In May, following his release from the Ras-el-Tin Convalescent Depot, Charles was transferred to the 47th Infantry Battalion on 24 May 1916. He departed for the Western Front with the battalion in early June, arriving in France on 14 June.

After a brief period at the 4th Australian Divisional Base Depot, Charles rejoined the 47th Battalion outside the heavily-contested village of Pozieres on 19 July 1916.

After their two stints in the frontline trenches of Pozieres and a period in reserve, the battalion spent the rest of 1916 and early 1917 alternating between duty in the trenches and training and rest behind the lines. In early April 1917, they took part in the attack on the heavily defended village of Bullecourt, part of the formidable German Hindenburg Line. Lacking the element of surprise, and dependent on the support of unreliable tanks, the Australians sustained 3,000 casualties and failed to capture their objectives.

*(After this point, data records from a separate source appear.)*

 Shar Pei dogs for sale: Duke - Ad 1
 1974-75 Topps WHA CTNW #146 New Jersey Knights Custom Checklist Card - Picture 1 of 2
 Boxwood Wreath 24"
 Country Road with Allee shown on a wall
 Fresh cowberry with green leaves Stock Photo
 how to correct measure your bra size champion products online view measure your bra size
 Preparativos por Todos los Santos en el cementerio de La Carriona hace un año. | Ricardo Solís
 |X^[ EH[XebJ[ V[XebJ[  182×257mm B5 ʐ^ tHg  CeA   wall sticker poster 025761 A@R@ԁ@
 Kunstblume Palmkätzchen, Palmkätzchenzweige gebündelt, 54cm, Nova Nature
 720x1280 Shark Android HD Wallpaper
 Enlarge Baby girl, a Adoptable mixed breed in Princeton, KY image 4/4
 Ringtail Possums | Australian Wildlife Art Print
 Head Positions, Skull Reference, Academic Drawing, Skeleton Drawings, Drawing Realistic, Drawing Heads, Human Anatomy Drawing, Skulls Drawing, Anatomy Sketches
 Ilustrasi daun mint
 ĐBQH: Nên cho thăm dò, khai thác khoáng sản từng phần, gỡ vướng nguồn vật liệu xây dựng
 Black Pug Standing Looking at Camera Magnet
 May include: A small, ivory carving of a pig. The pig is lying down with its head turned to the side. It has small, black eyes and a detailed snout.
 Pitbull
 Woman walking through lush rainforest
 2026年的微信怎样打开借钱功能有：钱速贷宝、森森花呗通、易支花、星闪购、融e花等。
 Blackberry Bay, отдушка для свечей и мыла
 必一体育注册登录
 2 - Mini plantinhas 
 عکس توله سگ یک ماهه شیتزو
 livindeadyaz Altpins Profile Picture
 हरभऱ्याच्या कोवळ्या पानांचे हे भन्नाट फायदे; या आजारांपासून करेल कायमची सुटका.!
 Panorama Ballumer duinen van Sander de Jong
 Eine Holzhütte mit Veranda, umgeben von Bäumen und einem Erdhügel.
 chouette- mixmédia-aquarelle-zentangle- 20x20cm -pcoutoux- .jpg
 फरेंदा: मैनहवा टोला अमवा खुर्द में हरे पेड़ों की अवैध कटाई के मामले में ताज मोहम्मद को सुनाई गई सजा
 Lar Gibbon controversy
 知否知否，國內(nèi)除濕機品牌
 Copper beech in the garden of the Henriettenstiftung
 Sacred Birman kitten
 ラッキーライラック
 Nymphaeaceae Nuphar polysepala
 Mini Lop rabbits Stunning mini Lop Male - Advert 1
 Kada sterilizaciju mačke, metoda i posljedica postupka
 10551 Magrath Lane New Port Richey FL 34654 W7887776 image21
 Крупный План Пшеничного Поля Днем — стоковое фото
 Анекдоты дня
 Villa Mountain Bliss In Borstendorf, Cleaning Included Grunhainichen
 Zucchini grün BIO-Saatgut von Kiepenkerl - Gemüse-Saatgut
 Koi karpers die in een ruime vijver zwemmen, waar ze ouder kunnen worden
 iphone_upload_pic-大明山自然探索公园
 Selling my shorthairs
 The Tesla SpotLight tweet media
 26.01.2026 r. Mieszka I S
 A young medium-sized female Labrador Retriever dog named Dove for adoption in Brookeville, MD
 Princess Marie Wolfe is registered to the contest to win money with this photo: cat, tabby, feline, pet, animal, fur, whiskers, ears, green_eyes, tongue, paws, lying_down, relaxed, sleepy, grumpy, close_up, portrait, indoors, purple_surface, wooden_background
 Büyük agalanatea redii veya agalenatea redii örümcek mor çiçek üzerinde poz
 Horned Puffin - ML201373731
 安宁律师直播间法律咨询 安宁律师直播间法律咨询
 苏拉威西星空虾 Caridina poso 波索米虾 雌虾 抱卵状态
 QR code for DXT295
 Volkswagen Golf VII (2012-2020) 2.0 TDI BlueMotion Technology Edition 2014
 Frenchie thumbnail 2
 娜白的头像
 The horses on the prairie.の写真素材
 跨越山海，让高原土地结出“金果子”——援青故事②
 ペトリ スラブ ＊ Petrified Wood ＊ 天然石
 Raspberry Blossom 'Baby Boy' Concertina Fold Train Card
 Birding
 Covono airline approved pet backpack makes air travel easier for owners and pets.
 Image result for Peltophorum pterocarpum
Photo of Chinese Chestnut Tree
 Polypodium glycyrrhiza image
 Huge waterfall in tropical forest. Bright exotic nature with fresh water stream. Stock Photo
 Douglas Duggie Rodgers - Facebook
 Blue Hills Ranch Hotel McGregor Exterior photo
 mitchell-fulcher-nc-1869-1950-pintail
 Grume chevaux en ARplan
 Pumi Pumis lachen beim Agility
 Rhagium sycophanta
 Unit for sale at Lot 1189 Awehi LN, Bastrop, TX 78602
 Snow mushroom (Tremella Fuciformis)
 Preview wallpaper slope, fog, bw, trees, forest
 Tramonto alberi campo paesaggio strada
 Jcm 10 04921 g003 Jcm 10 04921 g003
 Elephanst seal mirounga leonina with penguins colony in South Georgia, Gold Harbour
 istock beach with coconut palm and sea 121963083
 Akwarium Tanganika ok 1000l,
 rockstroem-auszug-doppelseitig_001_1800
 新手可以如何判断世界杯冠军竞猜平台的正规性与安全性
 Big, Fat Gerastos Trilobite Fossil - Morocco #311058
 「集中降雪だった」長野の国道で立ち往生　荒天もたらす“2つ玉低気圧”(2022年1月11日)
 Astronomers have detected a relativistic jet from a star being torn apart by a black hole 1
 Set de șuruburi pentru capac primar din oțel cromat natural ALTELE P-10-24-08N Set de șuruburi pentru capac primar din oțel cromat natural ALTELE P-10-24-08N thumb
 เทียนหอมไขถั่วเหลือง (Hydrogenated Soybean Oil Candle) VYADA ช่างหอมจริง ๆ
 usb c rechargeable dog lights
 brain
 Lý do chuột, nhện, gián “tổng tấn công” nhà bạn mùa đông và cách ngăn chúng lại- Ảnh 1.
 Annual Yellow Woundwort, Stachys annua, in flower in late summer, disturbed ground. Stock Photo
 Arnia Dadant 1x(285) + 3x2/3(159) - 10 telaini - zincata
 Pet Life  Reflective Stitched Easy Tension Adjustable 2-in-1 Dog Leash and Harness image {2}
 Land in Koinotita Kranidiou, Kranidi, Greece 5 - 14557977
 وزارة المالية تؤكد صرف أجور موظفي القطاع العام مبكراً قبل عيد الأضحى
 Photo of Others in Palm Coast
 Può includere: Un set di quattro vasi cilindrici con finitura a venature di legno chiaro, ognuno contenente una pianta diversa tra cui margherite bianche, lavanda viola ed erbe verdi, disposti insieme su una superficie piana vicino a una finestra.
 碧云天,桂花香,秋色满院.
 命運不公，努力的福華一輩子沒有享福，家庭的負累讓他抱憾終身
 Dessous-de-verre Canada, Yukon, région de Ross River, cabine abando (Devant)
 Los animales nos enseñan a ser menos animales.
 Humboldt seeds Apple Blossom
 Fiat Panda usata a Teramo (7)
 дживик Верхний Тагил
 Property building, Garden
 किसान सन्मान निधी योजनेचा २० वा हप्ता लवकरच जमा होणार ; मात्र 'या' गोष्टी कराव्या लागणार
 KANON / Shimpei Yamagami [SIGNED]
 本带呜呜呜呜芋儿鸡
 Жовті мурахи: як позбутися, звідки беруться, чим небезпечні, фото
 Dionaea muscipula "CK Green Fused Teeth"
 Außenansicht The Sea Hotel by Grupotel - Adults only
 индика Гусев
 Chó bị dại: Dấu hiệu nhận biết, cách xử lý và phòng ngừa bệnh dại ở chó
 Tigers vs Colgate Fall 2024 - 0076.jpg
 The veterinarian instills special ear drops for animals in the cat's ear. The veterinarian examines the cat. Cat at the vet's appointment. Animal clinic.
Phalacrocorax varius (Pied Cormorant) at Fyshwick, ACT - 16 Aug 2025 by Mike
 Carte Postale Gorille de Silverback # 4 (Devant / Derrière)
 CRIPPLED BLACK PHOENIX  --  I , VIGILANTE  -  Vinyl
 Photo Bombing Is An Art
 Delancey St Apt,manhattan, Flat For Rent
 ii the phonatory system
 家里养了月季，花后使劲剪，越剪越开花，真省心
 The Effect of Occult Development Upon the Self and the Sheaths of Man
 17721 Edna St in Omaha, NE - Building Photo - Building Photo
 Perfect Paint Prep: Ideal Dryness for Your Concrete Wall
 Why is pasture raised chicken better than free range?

When the focus of Australian operations switched to the Ypres sector in Belgium in mid-1917, the 47th Battalion moved into the trenches in the area. They took part in the battle of Messines in June 1917, and in the Battle of Passchendaele from September.

Throughout his war service, Charles frequently worked as a runner for battalion headquarters, which meant he spent periods of time away from the front line and avoided some of the worst dangers of trench warfare. He was at battalion headquarters early on the morning of 12 October when men from the battalion left their trenches to attack German positions between Zonnebeke and Passchendaele.

At 5:45 am on 12 October, the battalion headquarters was heavily shelled by German artillery. The unit diary recorded that “nearly all signallers, runners, and scouts [were] casualties, this upsetting all arrangements for communication forward. Many valuable lives [were] lost, that will be hard to replace.” Twenty-seven men died as a result of the shelling of the headquarters, with a further 60 men wounded.

One of the men killed during the shelling was Private Charles Edward Love.

He was 25 years old.

Although Charles’s remains were likely buried close to the battalion headquarters where he was killed, after the war his grave could not be located. He is commemorated on the Menin Gate Memorial, alongside the names of more than 6,000 Australians who died while fighting in Belgium and who have no known grave.